Саулюс не понимал - смеяться ему или ругаться? Скручиваемый болью, он глянул на ее округлое, но очень красивое лицо и удивился: на него смотрели два больших, необычайно спокойных и задумчивых глаза. В это мгновение он не сумел бы их ни с чем сравнить, только почувствовал, что ему стало куда спокойнее, уже не так колотила вызванная испугом дрожь. Немного придя в себя, он снова взялся за человечка:

- А если б я тебя убил?! Если б машину разбил?!

- Тогда и разговор был бы другой, - ответила женщина.

Ее преувеличенное спокойствие начало раздражать Саулюса:

- Я не с вами разговариваю. Пусть этот обормот ответит, почему дорогу загородил?

Человечек отошел в сторону и совсем уж неожиданно сказал:

- Как она велит, так и будет. - Он все еще не мог опомниться и несколько раз хлестнул кнутом по дорожной пыли.

Саулюс уже не мог ни спорить, ни сердиться. Несколько мгновений нечеловеческого напряжения и молниеносная, неожиданная очная ставка со смертью, сознание, что за эти несколько мгновений он мог распрощаться с жизнью, обессилили Саулюса. Его охватила лень, руки налились приятным теплом. Он по привычке обошел машину, внимательно осмотрел крылья, буфер и тихо обрадовался: мало досталось. Поплевав на палец, потер царапины, оставленные мягкими ветвями молодой ольхи, и только потом увидел, что женщина идет вслед за ним и так же внимательно осматривает каждую царапину.

- Счастливчик ты, - сказала она и как бы в подтверждение своих слов хлестнула по голенищу сапога резным прутиком орешника.

- Спасибо за комплимент, - все еще дулся Саулюс. - А кто мне машину вытащит?

Женщина снова обошла машину, попыталась подтолкнуть ее, попыталась приподнять, но, увидев, что ничего путного у нее не получится, вернулась назад.

- Что ж будем делать, мать? - нерешительно переминался человечек. - Поедем или его матерщину слушать станем?

- Погоди, Стасис, - она еще раз глянула на машину, на Саулюса и, подтолкнув мужа в спину, приказала: - Сходи и посмотри, что ты наделал.

Человечек все еще растерянно переминался на месте и ждал указаний жены.

- Посмотрел? - еще строже спросила она.

- Ну…

- Тогда не жди чудес, а распрягай лошадь.

Слушая их диалог, Саулюс не выдержал и захихикал. Потом, как и пристало воспитанному человеку, отвернулся в сторону и рассмеялся от всей души.

- Весело? - рассердилась женщина.

- Очень.

- А если я разверну лошадь и возьму да укачу своей дорогой? - спросила она тем же строгим и не по-женски холодным тоном, хотя ее карие и необычайно большие глаза смотрели на парня довольно искренне, с сочувствием и пониманием.
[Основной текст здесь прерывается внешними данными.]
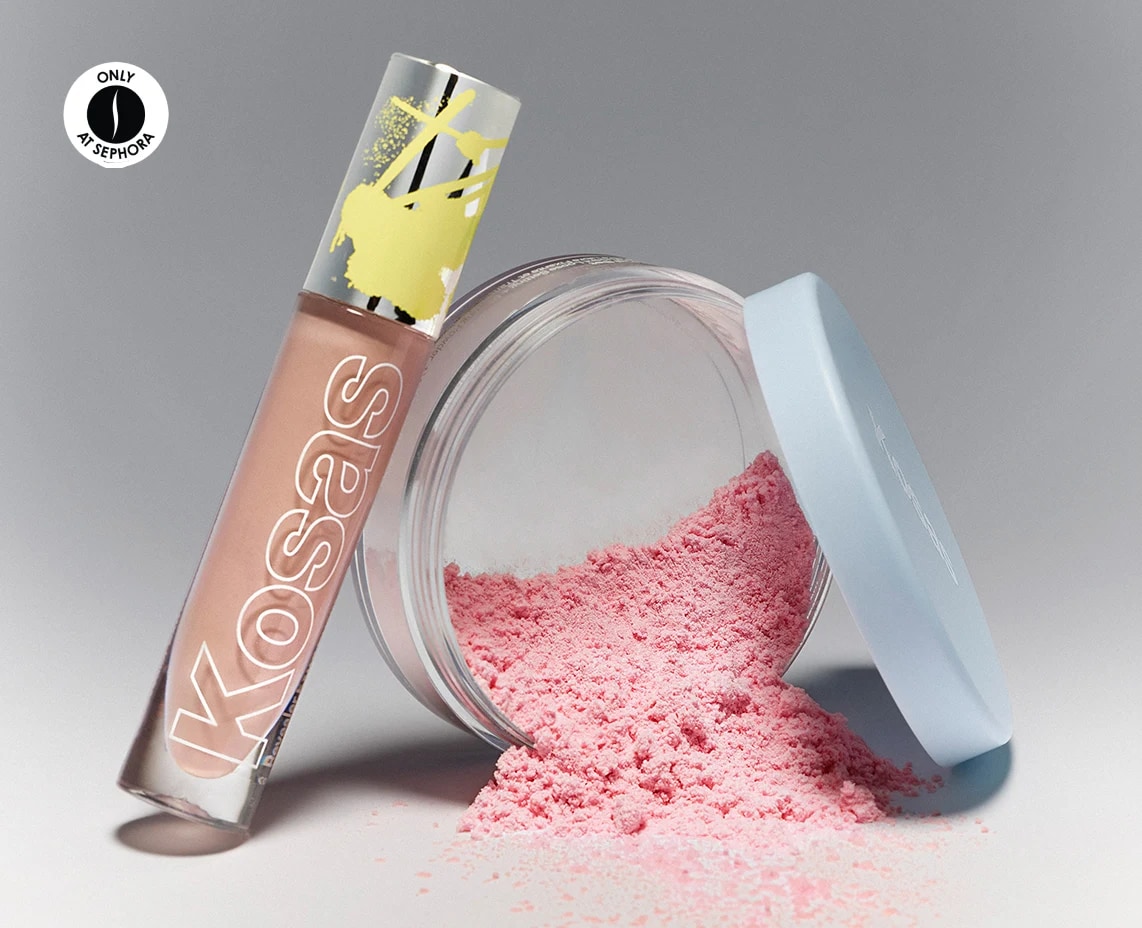 KOSAS = sephora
Желая казаться суровее, она наморщила лоб и спрятала доброжелательные глаза под черными и по-девичьи длинными ресницами. Потом, сосредоточившись, пристально поглядела на него. - Что тогда?

И Саулюс не нашел слов. Удивленный, он смотрел в глаза женщины и никак не мог понять, откуда столько твердости в их очень милом и спокойном взгляде. Тем временем человечек распряг лошадь и, не осмеливаясь сам что-либо предпринять, топтался возле машины. Женщина глянула на него и еще больше насупилась. Потом решительно подошла и надавила мужу на шею.

- Согнись и поищи крюк, баран, - ткнула пальцем в буфер. - Он здесь. - Улыбнулась шоферу: - Мы когда-то тоже собирались машину покупать.

Саулюс бросился помогать. Привязав валек, несколько раз с силой подергал веревку, проверяя узел, потом схватил вожжи и хлестнул лошадь, а сам прыгнул за руль. Гнедок напрягся, "Волга" без видимых усилий выбралась на дорогу и замерла с тихим урчанием. Саулюс вылез попрощаться.

- Чего хромаешь? - обеспокоенно спросила женщина.

- Наверно, вывихнул, когда тормознул, или черт его знает что.

- Нехорошо, - снова улыбнулась она и успокоила: - Вот и конец твоему горю. - Потом, будто ничего и не было, спросила: - И куда ж несся как угорелый?

- Домой, - не мог соврать Саулюс.

- К жене или еще к кому? - расспрашивала, словно старая знакомая или соседка.

- К жене, - объяснял как ребенок и почему-то подумал: "Но из-за нее и впрямь еще можно согрешить".

- И мой никак от юбки не оторвется, - сказала с какой-то только ей одной понятной болью. - Когда надо было в армию уходить, меня оставить побоялся, накурился чаю и пожелтел весь.

Человечек виновато улыбнулся и снова хотел улизнуть, но женщина схватила его за рукав:

- Поройся в бумажнике.

- Сколько? - сразу же понял тот.

- Хватит красненькой, - решила она.

- Не надо. За что? - смутился Саулюс.

- За страх, - объяснила она, - ну, и за эти царапины.

И опять Саулюс не посмел ослушаться. Взял червонец, сложил пополам, сунул в карман и, нащупав Йонасовы папиросы, предложил закурить.

- Он только чайный лист сосет, - женщина строго оттолкнула руку Саулюса. - А мне вроде и не пристало…

Человечек сдернул с грядки телеги вожжи, хлестнул кнутом по земле и погнал лошадь:

- Но-оо, чтоб тебя!.. Нно-о, браток… - удалялся с огромным бревном, а его жена все не хотела расставаться с Саулюсом.

- Вот и отлично, что ты такой сговорчивый. Если опять будешь в наших краях - загляни, не побрезгуй… Наш хутор тут первый за лесом. И постель найдется, и голодным из-за стола не встанешь. Ну как? - Она немного раскраснелась, говорила с ним как с добрым знакомым, смотрела на него милыми, ласкающими душу глазами.

- Заеду, - Саулюс не мог ответить иначе, хотя чувствовал, что говорит против собственной воли. - Обязательно, - и, совсем не желая обидеть ее, посмотрел на уезжающего человечка.

Заметив это, женщина слегка рассердилась:

- Ты его боишься?

- Не-ет, - промычал Саулюс, глядя на безнадежно согбенную спину измученного мужичка и не понимая, чем этот неудачник так привлек его внимание. В первое мгновение ему показалось, что они где-то уже виделись, а затем возникла уверенность, что они непременно встретятся, и еще не раз… И от неясного, недоброго предчувствия дрожь прошла по телу.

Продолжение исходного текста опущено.